> _What to work on_
Exactly the lines from the line with "Contractor Discussing Plans" through the final line of the records below, both ends included, are to be set down. Do not include pictures.
Exercise input START
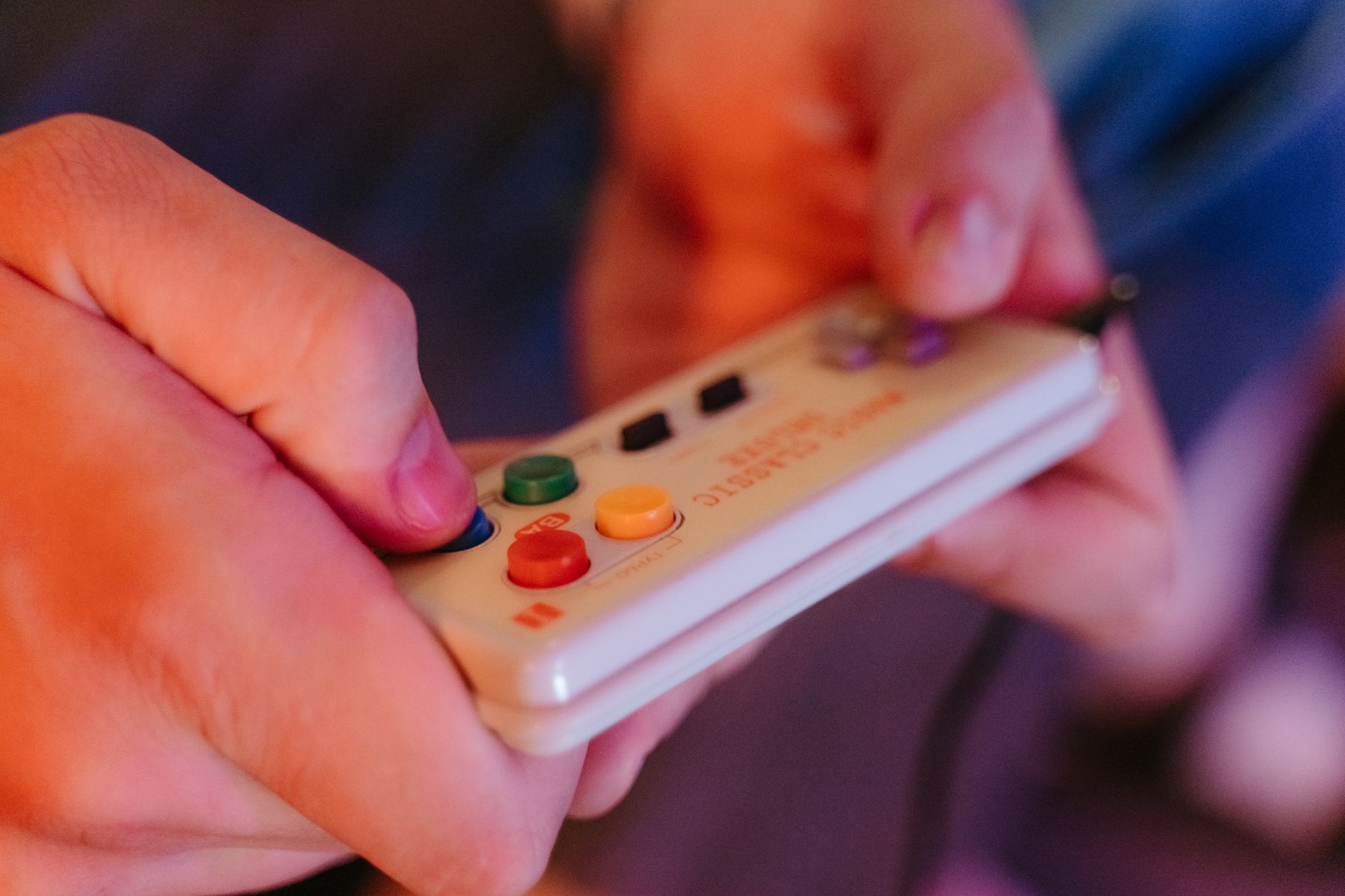 Close-up of a gaming controller resting on a surface, representing player activity and engagement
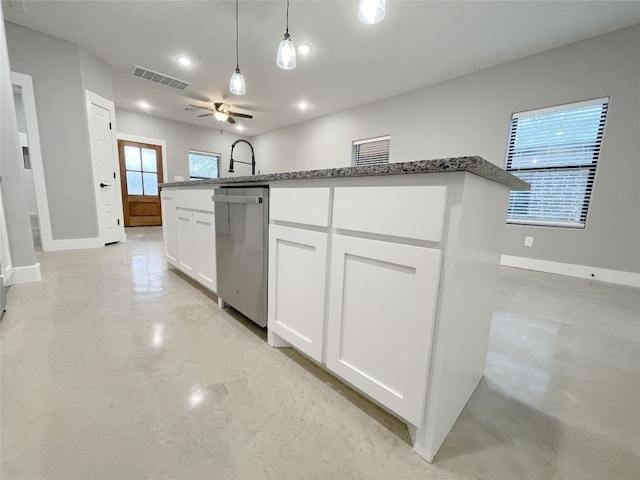 kitchen featuring stainless steel dishwasher, hanging light fixtures, ceiling fan, dark stone countertops, and white cabinets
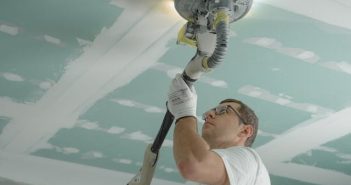 man working on ceiling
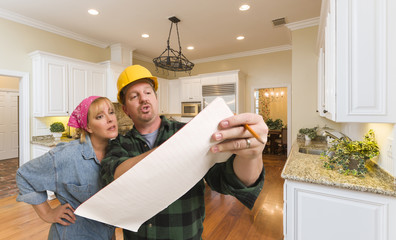 Contractor Discussing Plans with Woman Inside Custom Kitchen Int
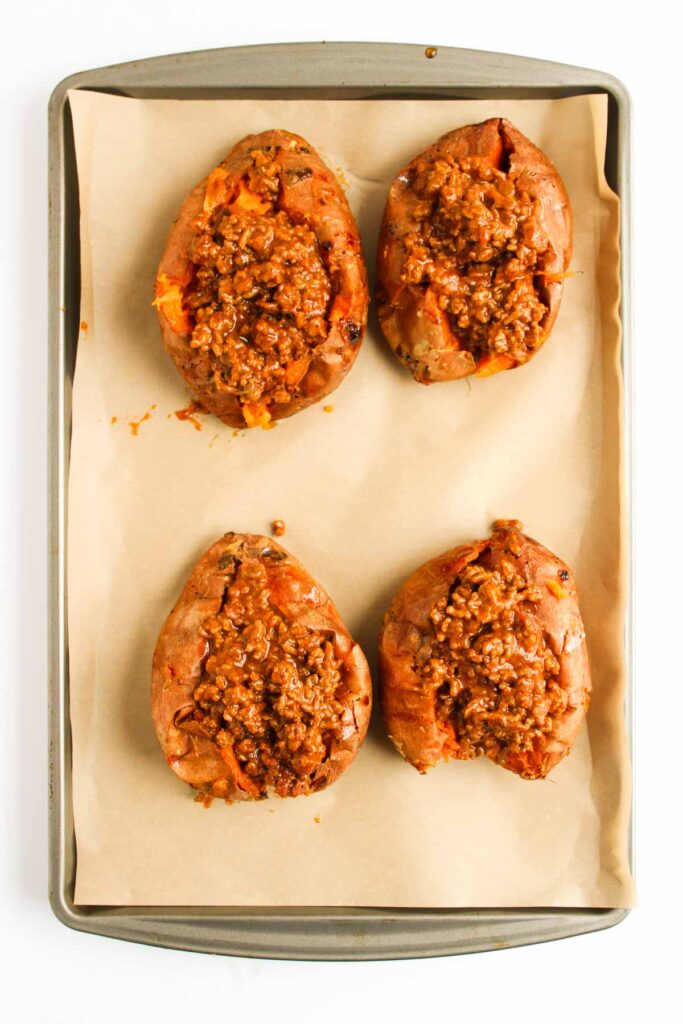 Four baked sweet potatoes stuffed with a savory Sweet Potato Sloppy Joes ground meat mixture are arranged on a parchment-lined baking sheet.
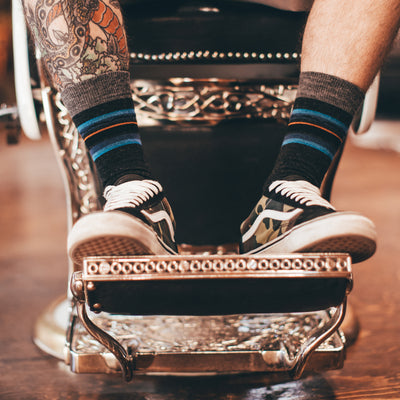 Man sitting in a barber shop chair, wearing sneakers and Whetstone Crew Lightweight Lifestyle socks in Charcoal, Lifestyle Image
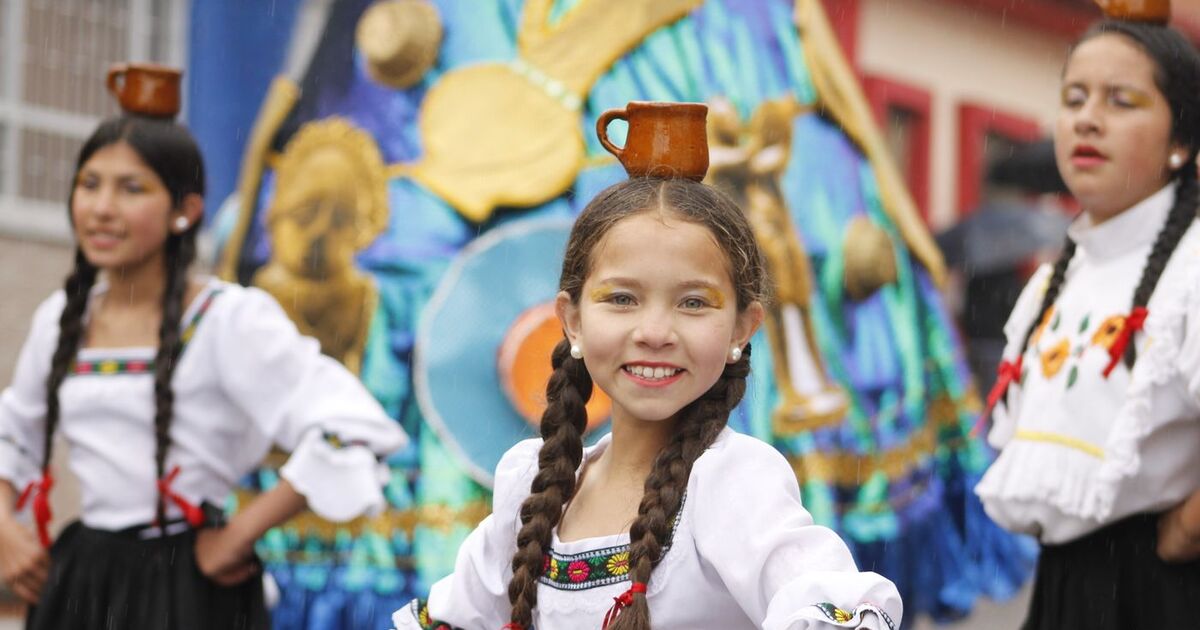 A vibrant celebration in Zipaquirá, Colombia features children in traditional outfits performing with joyful expressions.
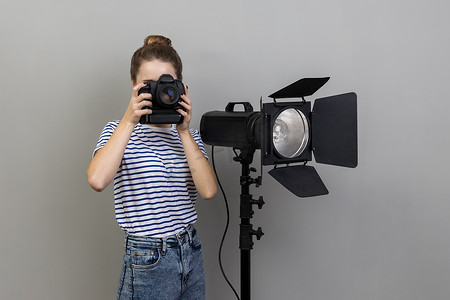 女人在照相馆拍照，使用 photocanera 和反射器。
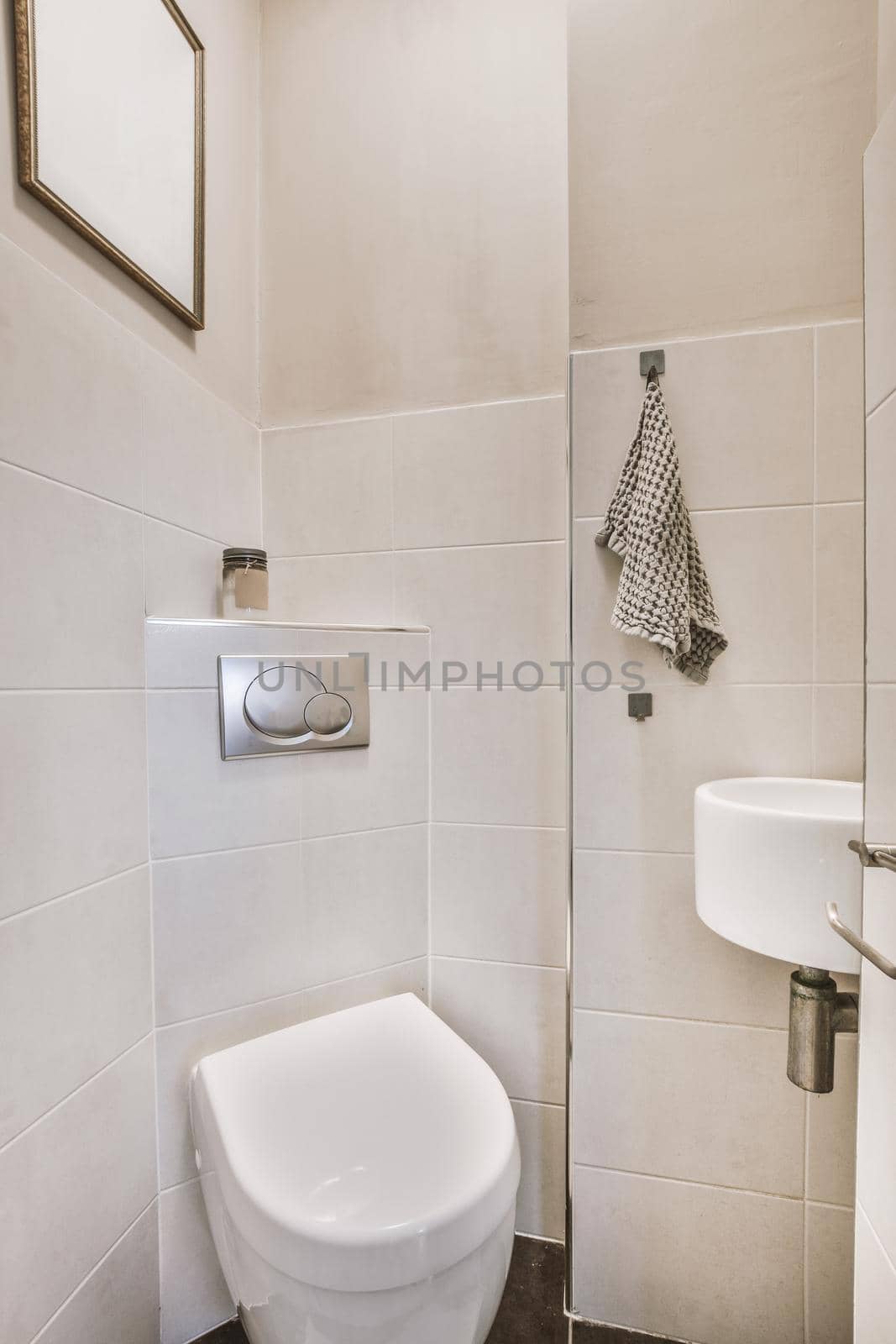 Interior of narrow restroom with sink and wall hung toilet with towel and checkered walls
Exercise input END
> _Expected answer_
 Contractor Discussing Plans with Woman Inside Custom Kitchen Int
 Four baked sweet potatoes stuffed with a savory Sweet Potato Sloppy Joes ground meat mixture are arranged on a parchment-lined baking sheet.
 Man sitting in a barber shop chair, wearing sneakers and Whetstone Crew Lightweight Lifestyle socks in Charcoal, Lifestyle Image
 A vibrant celebration in Zipaquirá, Colombia features children in traditional outfits performing with joyful expressions.
 女人在照相馆拍照，使用 photocanera 和反射器。
 Interior of narrow restroom with sink and wall hung toilet with towel and checkered walls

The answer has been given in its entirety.